Here are the signs Cranky looks for when he sits in an audience and thinks he's seen a great flick -- one in which the performances are great and affecting, and the script is tight and bug free. Cranky's personal opinions are one thing. The more important thing is how the audience reacts, 'cuz I watch that too. Cranky listens: Is the audience talking about the movie on the way out? Do they feel sympathetic towards the characters? Do they wonder what happens next?
Al Pacino's performance answers the first question with a resounding yes. Johnny Depp's does the same for the second. Actually, Pacino scores on both counts. So does Depp. Donnie Brasco is a fine flick. It's the kind of flick that, had it been released two months ago, we'd be using the n word (that'd be "nomination") to describe it.
Donnie Brasco is based on the true story of an FBI man who did so well that a $500,000 bounty is still on his head as he lives under an assumed name, somewhere in this great land of ours. (That would be the U.S. of A. for my international readers).

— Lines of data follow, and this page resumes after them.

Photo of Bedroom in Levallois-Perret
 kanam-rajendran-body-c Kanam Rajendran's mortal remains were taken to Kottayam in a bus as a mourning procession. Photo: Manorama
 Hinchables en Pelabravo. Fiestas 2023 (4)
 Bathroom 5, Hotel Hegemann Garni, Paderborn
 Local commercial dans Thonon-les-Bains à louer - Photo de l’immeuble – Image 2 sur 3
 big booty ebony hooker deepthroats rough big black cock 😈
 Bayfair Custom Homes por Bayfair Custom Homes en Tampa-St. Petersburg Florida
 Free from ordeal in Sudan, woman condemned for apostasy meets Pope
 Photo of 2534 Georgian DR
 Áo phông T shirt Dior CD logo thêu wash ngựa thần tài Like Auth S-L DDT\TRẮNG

Here's the dish: Donnie Brasco is really Joe Pistone, FBI man. He infiltrates the mob under guise of a jewelry man, a fence for stolen diamonds. His target is Lefty Ruggiero (Al Pacino), 30 years as a made man and still a worker ant in the corporate structure of the mob. As the infiltration progresses, Donnie becomes more like a son to Leftie than his own junkie offspring. The closer they get, the more they begin to resemble each other.
Donnie's wife is kept out of sight from the mob, but Maggie (Anne Heche) is always present in the story as her husband changes before her eyes; as their daughters grow up knowing Daddy from occasional and secretive night visits.
Donnie Brasco is not a cops and robbers story in the traditional mold. There is a tremendous amount of humor in the piece, and not all from stereotypes. Halfway through you'll hear a long explanation on the grammatical use and meanings of fuhgeddaboudit, which will have you laughing out loud. That humorous touch serves to make the violent moments, when they come, all the more horrifying.
On average, a first run movie ticket will run you Eight Bucks. Were Cranky able to set his own price to Donnie Brasco, he would have paid...
Donnie Brasco doesn't play like any mob movie you've seen Pacino in before, probably because the director, Mike Newell, is British. The mob stereotypes you expect to see are not present. It's rock solid moviemaking. Go see it.